20 May 2013 - 02:52 By THANDO MGAGA
KwaZulu-Natal legislature. File photo
KwaZulu-Natal legislature. File photo

The decision to spend nearly R9-million on upgrading the speaker's office at the KwaZulu-Natal legislature is raising a stink in the provincial legislature, where the women's toilets are said to be perpetually inoperative.

Now the female legislators are demanding answers on when a new provincial parliament and government precinct will be built. They endured another week of smelly toilets in the meantime.

Complaining about the clogged toilets and the unbearable stench, ANC provincial legislature member Happy Blosse asked what was being done to fix the toilets.

It was reported during Friday's meeting of the public works portfolio committee that the speaker's office was being repaired and renovated at a cost of R8.9-million.

Public works head Rodger Govender said that R8.9-million was allocated for the repairs and renovations of Speaker Peggy Nkonyeni's office, and R7.1-million had already been spent.

The balance would be spent from next month, once the speaker and her staff had been relocated to another office to make way for the contractors so that they could complete the repairs and renovations.

Nkonyeni's office failed to respond to e-mailed questions yesterday about the extent of the repairs and renovations.

"There is a smelly ladies' room which smells like you do not want to go in there. There is another one next to the gate [in the legislature] which is blocked now and again," said Blosse.

Blosse said it was unacceptable that the smelly toilets were left unrepaired.

She said the legislature building was old and described it as a "skorokoro house" that would be expensive to fix.

"The [speaker's] office is a disaster.
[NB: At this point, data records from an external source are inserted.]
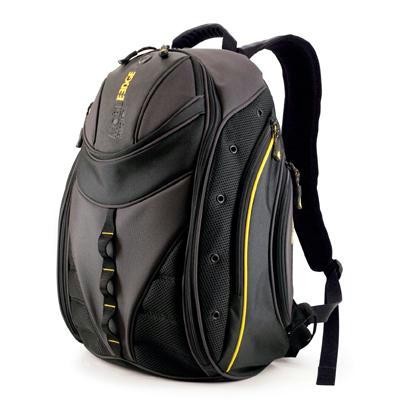 16" Express Backpack Bk/yellow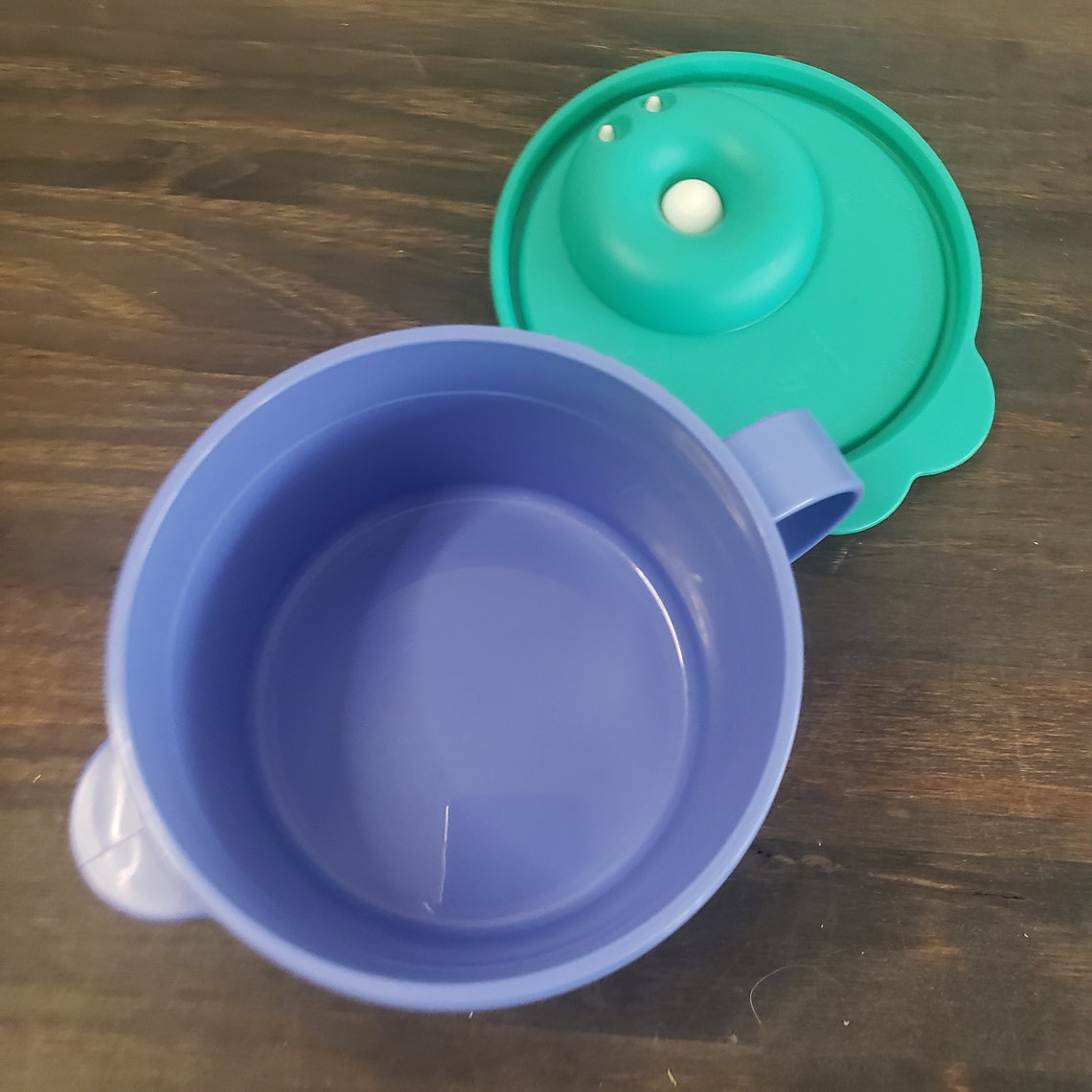 Tupperware 315581 16 oz. vented Soup Container Blue Green & Etsy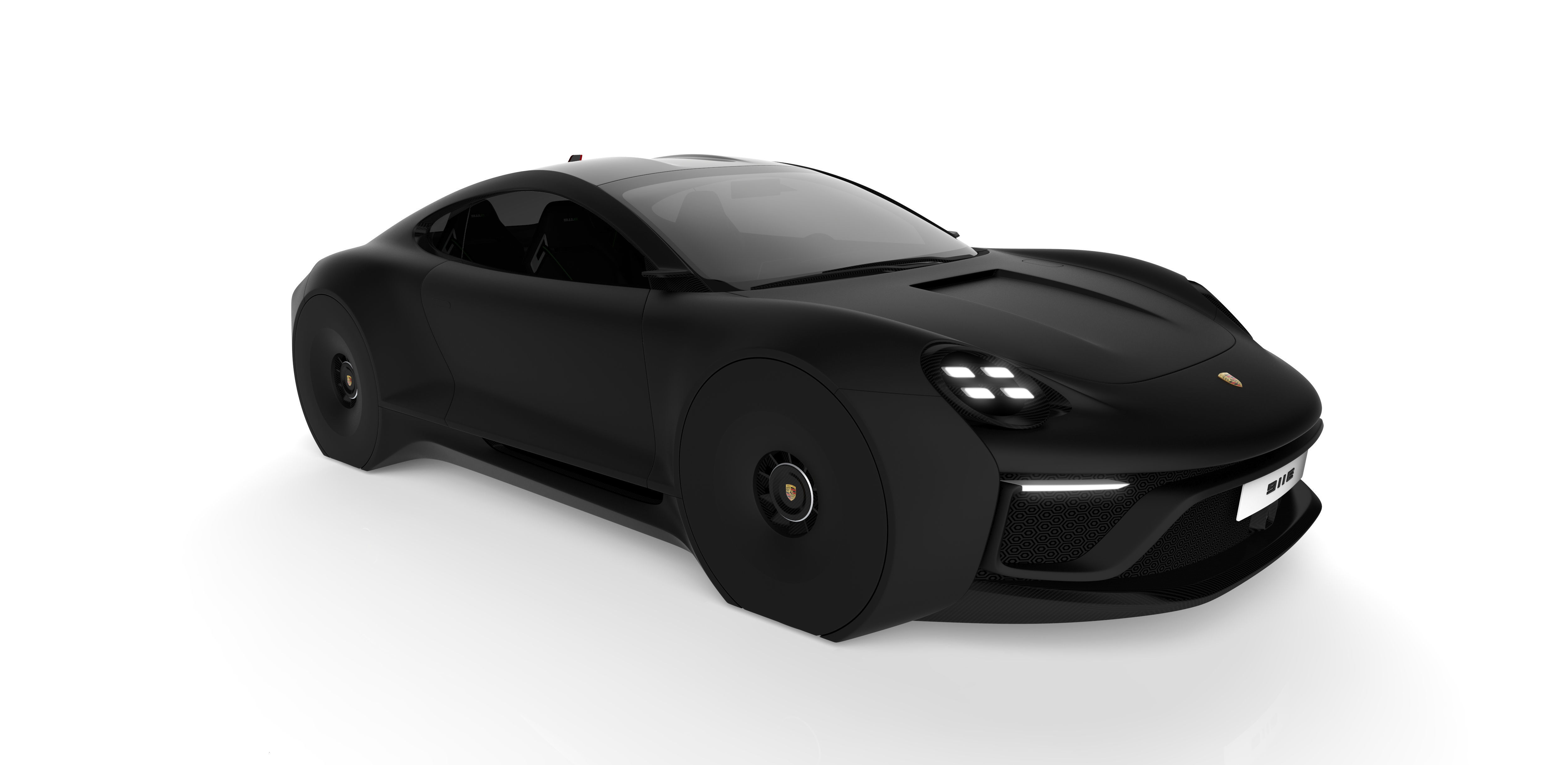 Porsche 911E concept by emrEHusmen 3D model_10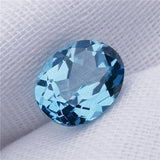 London Aquamarine Faceted Gemstone Beads for Jewelry Making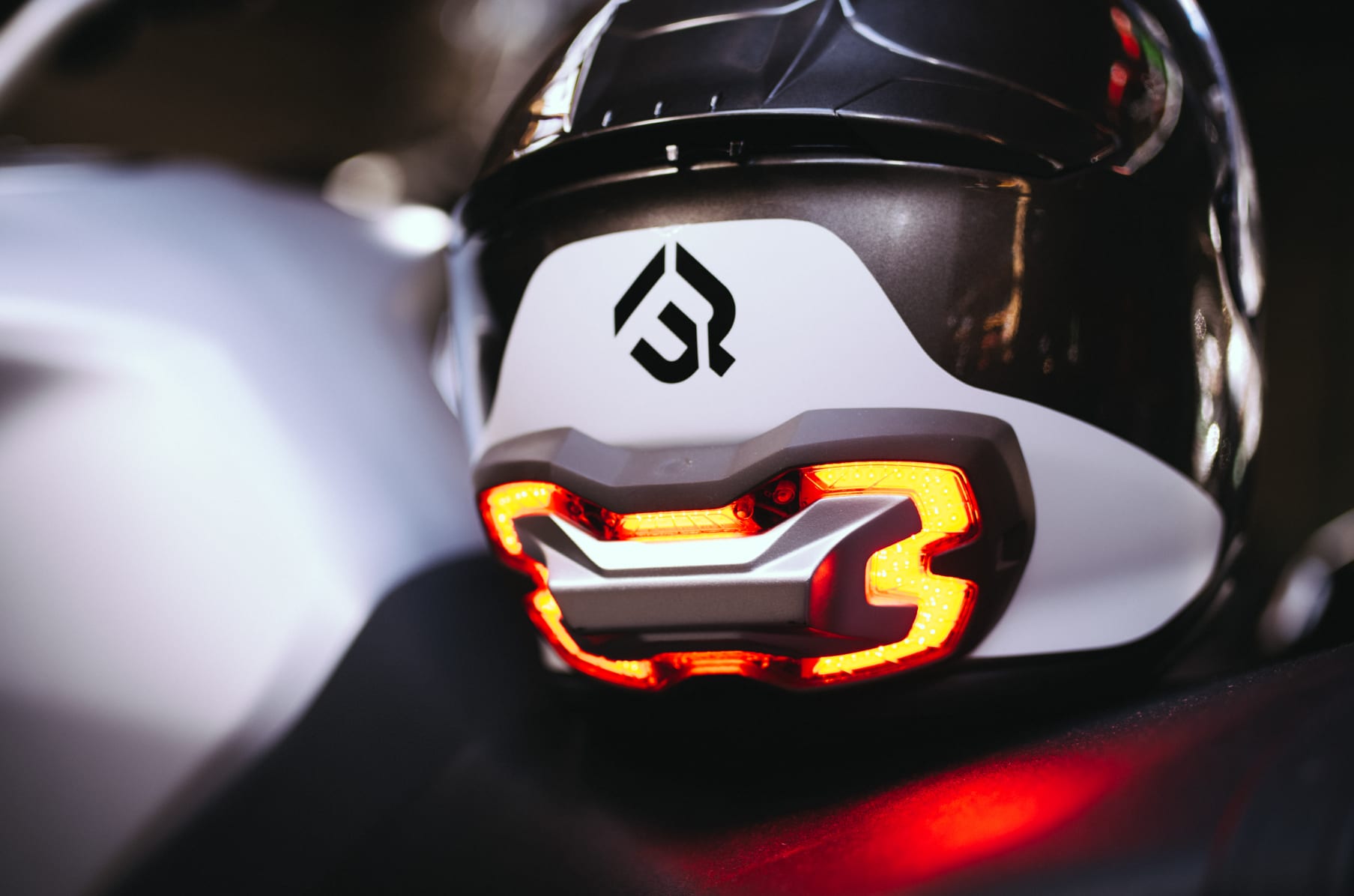 Smart helmet light sales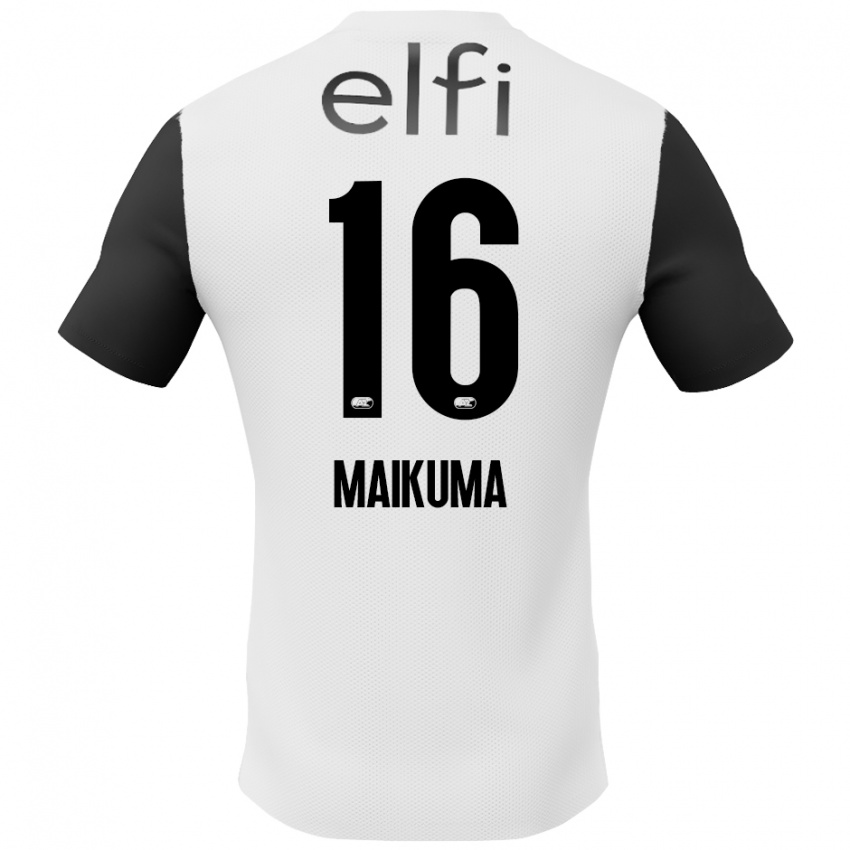 Criança Camisola Seiya Maikuma #16 Preto Branco Alternativa 2024/25 Camisa Brasil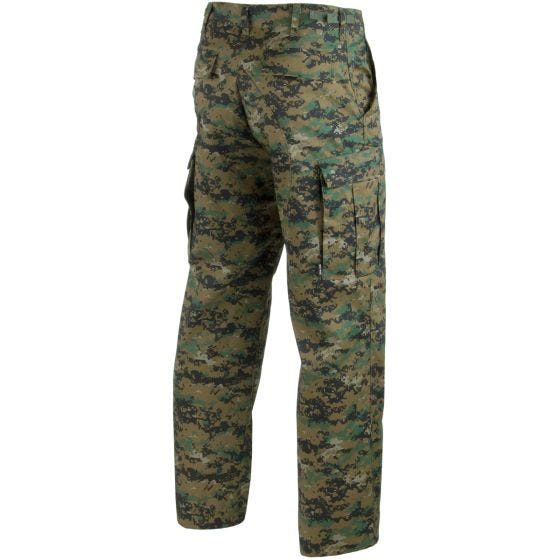 Боевые Брюки Mil-Tec BDU - Digital Woodland
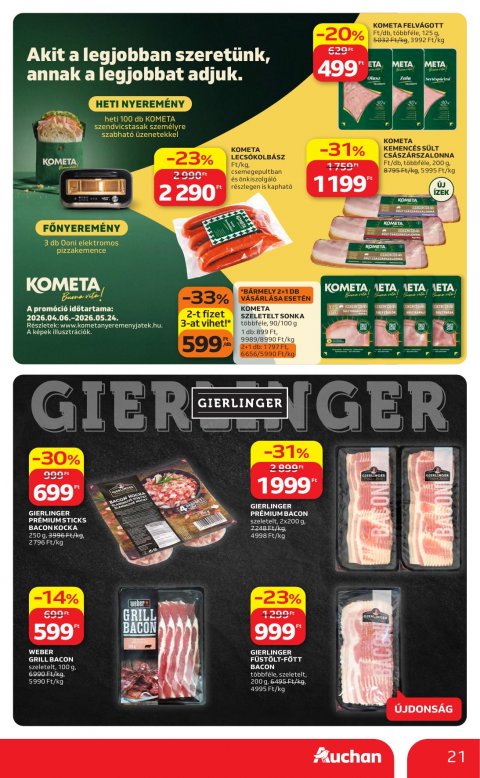 AUCHAN Hipermarket akciós újság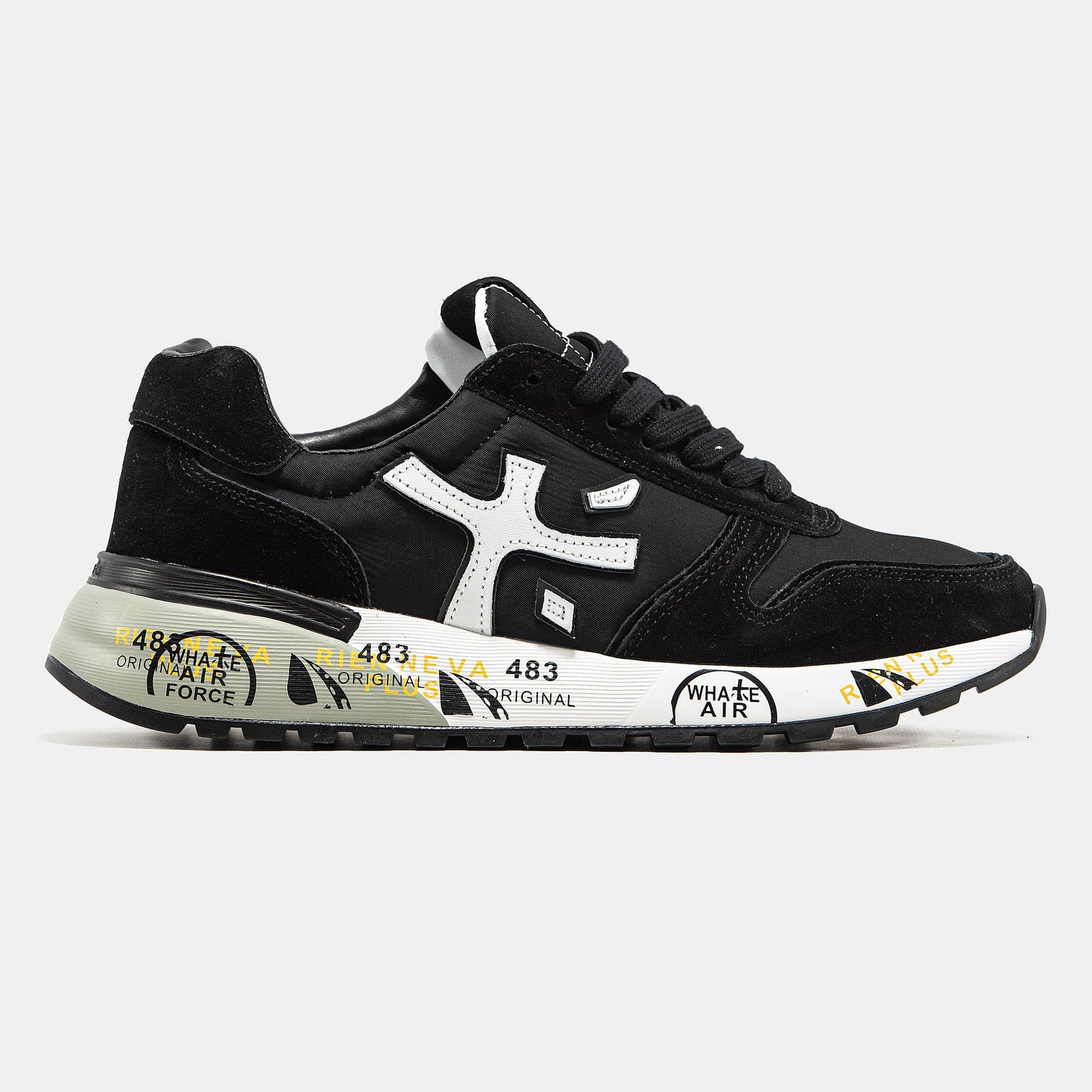 Premiata Mick Black White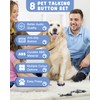 Dog Buttons for Communication, 8 Pcs Dog Talking Button Set,
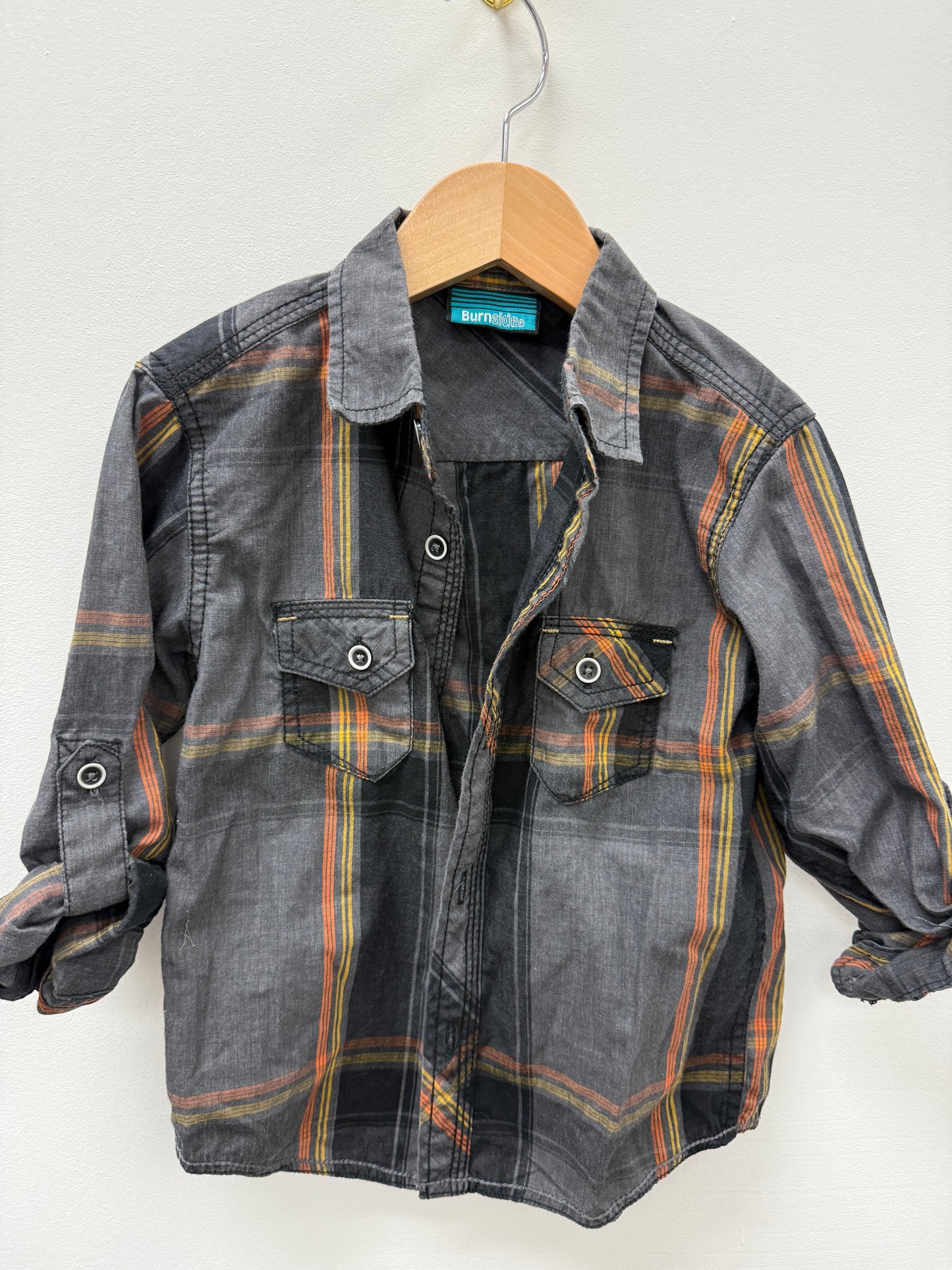 BURNSIDE PLAID SIZE 5
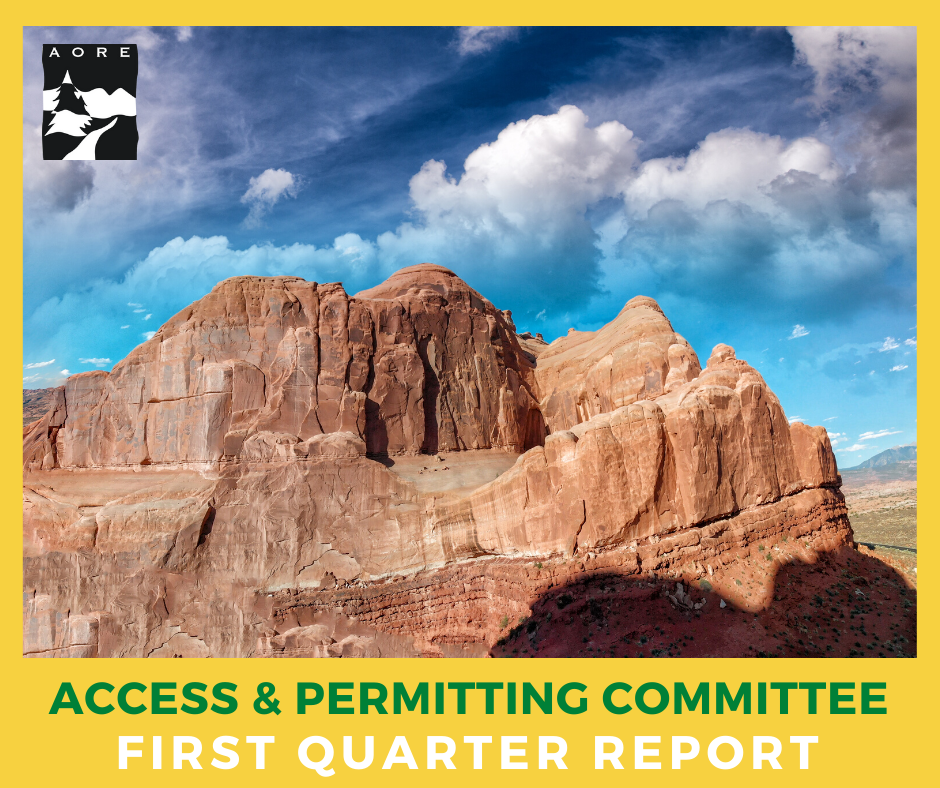 aore access and permitting committee first quarter report
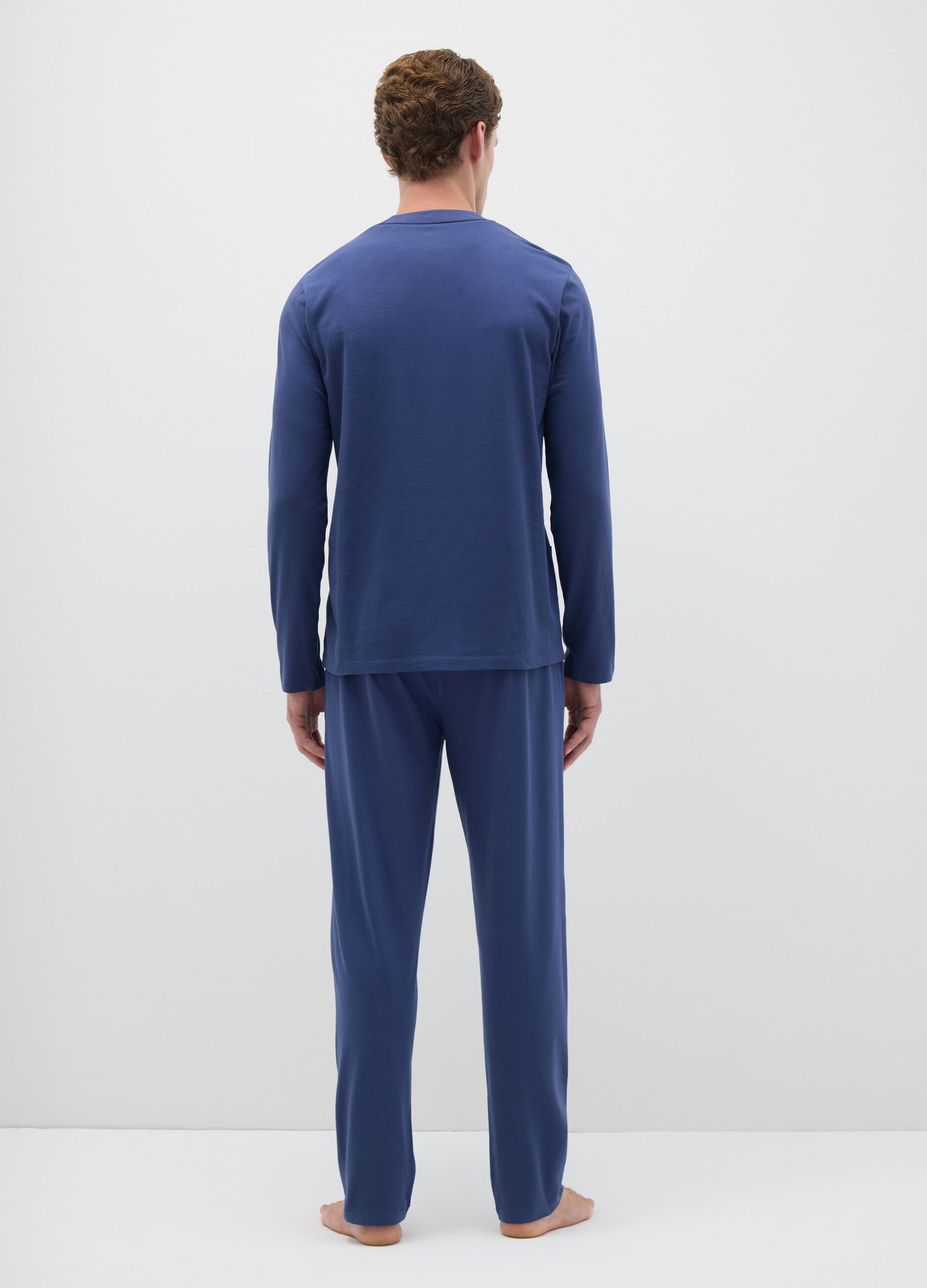 Blue pure cotton pyjamas regular fit
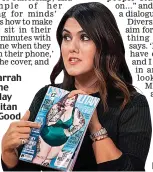  ?? Picture: KEN MCKAY/ITV/REX ?? Debate: Farrah defends the Tess Holliday Cosmopolit­an cover on Good Morning Britain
There are a lot of things that are not good in that cottage [office]," said Blosse.

She asked provincial public works MEC Ravi Pillay whether plans to build a new legislature and government precinct were still on the cards.

She asked why, if there were insufficient funds, the provincial government did not build the new legislature and government precinct in phases.

"When there is money we must build the first [phase] and then when we have [more] money we move to the next phase and so on.

"Rather than spend lots of money on this old building, we must turn it [the legislature] into a museum," said Blosse.

Pillay said plans for a new legislature and government precinct were still being considered and by a sub-committee of the provincial cabinet.

"The argument is quite simple. We are paying rent to private people; why don't we build our own. It's in the plan but the numbers [to build it] come up quite big - in the billions.

"It's there, but it's been put on hold," said Pillay.

He said that there was also a debate about building the new legislature and government precinct through a public-private partnership, which Pillay said required careful deliberation.

"The counter argument is that, if we don't do it now, costs are rising all the time.

"It is a tricky debate that requires us to tread carefully," he said, adding that the government was also looking at the poor economic situation.

Govender said the public works department did not have the budget to maintain the toilets in the legislature.

He said that the public works department would maintain the toilets if the provincial parliament gave it a mandate and the necessary funds.